IAB also wants things like safaris intelligent tracking prevention to be illegal.

In their ideal world every browser would be required to include a persistent unique per user ID.

I work in marketing. It's hard to anticipate the all the effects, but we have of yet no reason to be too concerned. Google is unclear on how it will affect the options of their advertisements, but we anticipate that however they implement the rules, their own network will come out on top, and we will have even less reason to use any other advertisement network (surprise, surprise).

I wonder if this will finally be the death of display advertising - the value is already insanely low.
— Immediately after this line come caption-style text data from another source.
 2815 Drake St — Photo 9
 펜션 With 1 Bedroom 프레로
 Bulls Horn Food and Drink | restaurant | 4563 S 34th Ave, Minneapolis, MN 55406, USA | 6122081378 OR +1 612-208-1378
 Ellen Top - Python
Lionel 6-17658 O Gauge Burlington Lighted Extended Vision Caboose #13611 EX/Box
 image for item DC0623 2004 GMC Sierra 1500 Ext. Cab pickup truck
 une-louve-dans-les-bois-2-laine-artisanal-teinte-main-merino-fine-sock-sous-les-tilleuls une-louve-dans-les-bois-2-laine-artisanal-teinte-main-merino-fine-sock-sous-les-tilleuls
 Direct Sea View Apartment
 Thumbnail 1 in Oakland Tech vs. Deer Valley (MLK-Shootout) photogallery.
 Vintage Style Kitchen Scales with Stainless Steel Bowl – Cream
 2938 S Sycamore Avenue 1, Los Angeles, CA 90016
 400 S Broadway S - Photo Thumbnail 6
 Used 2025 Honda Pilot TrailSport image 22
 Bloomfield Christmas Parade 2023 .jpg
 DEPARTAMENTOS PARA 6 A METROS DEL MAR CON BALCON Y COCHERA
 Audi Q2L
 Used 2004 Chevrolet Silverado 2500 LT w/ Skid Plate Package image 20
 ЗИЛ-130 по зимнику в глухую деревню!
And for the most part we have moved on to other channels.

This is something safari has being doing by default for more than a decade (I think from the very first version).

Firefox has been doing it for a while now as well iirc.

Chrome only appears to be doing it now that they’ve got people logging into their browser, and even if not, sending a unique ID to googles servers - some far more powerful and persistent than anything a cookie ever gave.

Tangent, it bugs me the degree to which Google is thought of, by people including this headline writer, as being in charge of the internet.
Not sure, but it seems there may be a fundamental question being asked here. If I trust somedomain.com, does this automatically mean I trust advertisers on said website? In fact it becomes even clearer where the trust boundary lies when taking into account the fact that even somedomain.com is putting advertising decisions into the hands of a 3rd party.

So, how far should the infrastructure of the web go in terms of assuming trust boundaries transcend the immediate trust and obvious relationship between end user and domain?

> If I trust somedomain.com, does this automatically mean I trust advertisers on said website?

And vice versa, if I don't trust advertisers on somedomain.com, does this automatically mean I don't trust said website? The answer for many people is yes and it results in them not visiting them anymore.